Andy Lester writes "Perl 5 Porters have released a fix to the sprintf function that was recently discovered to have a buffer overflow in very specific cases. All Perl users should consider updating immediately. Dyad Security recently released a security advisory explaining how in certain cases, a carefully crafted format string passed to sprintf can cause a buffer overflow. This buffer overflow can then be used by an attacker to execute code on the machine. This was discovered in the context of a design problem with the Webmin administration package that allowed a malicious user to pass unchecked data into sprintf. A related fix for Sys::Syslog has already been released."
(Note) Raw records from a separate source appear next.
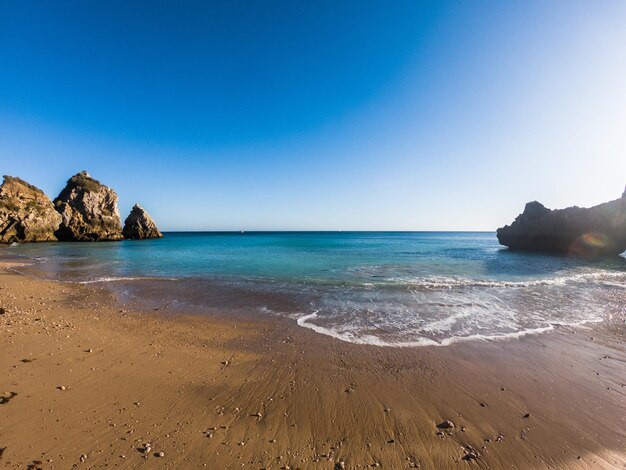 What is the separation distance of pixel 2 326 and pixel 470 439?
15.2 metres

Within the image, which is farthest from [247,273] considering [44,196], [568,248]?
[44,196]

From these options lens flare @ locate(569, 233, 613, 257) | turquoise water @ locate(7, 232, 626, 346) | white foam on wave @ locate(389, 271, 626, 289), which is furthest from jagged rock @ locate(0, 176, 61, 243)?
lens flare @ locate(569, 233, 613, 257)

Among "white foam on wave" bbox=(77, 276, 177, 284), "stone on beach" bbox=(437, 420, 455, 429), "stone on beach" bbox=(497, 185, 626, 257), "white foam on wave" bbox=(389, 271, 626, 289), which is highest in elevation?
"stone on beach" bbox=(497, 185, 626, 257)

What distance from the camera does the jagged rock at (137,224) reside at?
104500 mm

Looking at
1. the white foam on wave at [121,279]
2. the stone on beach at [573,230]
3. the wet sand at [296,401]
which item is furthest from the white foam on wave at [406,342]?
the stone on beach at [573,230]

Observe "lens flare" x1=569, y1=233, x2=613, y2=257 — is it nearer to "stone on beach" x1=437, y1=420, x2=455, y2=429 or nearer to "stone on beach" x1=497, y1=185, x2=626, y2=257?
"stone on beach" x1=497, y1=185, x2=626, y2=257

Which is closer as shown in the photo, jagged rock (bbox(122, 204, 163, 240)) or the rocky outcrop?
the rocky outcrop

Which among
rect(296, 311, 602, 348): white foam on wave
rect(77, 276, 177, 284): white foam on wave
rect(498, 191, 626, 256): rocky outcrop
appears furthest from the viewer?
rect(498, 191, 626, 256): rocky outcrop

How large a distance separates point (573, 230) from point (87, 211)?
5133 inches

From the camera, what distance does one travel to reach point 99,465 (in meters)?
4.21

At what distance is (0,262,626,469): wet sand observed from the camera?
15.1 ft

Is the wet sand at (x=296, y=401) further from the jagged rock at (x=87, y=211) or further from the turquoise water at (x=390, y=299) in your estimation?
the jagged rock at (x=87, y=211)

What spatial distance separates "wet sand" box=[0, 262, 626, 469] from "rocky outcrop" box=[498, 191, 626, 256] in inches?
2406

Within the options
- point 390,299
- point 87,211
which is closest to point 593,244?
point 390,299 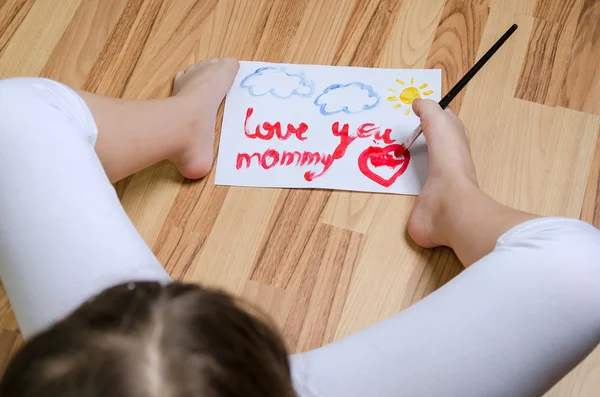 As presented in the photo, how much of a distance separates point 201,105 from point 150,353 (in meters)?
0.49

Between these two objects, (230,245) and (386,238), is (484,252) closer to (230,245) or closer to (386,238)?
(386,238)

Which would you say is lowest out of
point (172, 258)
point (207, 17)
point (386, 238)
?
point (172, 258)

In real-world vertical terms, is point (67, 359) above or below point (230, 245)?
above

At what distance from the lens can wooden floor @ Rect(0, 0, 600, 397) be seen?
73 cm

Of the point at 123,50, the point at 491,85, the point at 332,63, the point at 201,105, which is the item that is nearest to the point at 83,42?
the point at 123,50

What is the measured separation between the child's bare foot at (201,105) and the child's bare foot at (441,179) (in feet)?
0.92

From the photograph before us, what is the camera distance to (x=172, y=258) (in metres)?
0.75

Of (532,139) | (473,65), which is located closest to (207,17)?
(473,65)

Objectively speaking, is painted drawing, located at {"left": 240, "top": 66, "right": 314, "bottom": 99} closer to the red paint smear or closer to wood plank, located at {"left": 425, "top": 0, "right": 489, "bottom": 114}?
the red paint smear

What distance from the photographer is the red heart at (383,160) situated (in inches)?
30.3

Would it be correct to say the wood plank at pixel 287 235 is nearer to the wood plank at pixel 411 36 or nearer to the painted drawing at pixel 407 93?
the wood plank at pixel 411 36

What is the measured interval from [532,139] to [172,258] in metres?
0.52

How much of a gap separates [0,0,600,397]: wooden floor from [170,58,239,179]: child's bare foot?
0.03m

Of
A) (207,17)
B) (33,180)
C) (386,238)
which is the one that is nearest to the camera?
(33,180)
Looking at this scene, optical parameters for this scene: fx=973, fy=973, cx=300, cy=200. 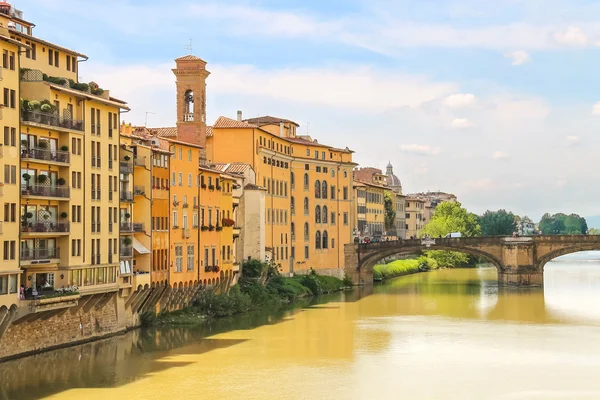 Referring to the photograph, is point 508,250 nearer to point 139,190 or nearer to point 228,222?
point 228,222

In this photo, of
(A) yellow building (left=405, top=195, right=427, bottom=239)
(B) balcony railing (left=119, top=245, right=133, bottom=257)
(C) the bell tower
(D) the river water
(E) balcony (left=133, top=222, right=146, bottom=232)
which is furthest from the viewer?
(A) yellow building (left=405, top=195, right=427, bottom=239)

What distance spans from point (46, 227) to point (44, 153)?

"The Perl 5 Porters team have solved this sprintf overflow
problem, and have released a set of patches, specific to four different
versions of Perl.
Those version numbers are incomplete: it looks from your list that some versions (such as 5.8.6) aren't covered, but actually some patches cover a range of versions.
Specifically, sprintf-5.8.2.patch is for both 5.8.1 and 5.8.2, and sprintf-5.8.7.patch is for all of 5.8.4 to 5.8.7.
Smylers
Re:Intermediate Versions are Covered
petdance on 2005-12-15T15:34:12
Thanks for the note. I've updated the lists that I've posted on perlfoundation.org, and in the stories I'm submitting to Slashdot et al, to explicitly include the intermediate versions.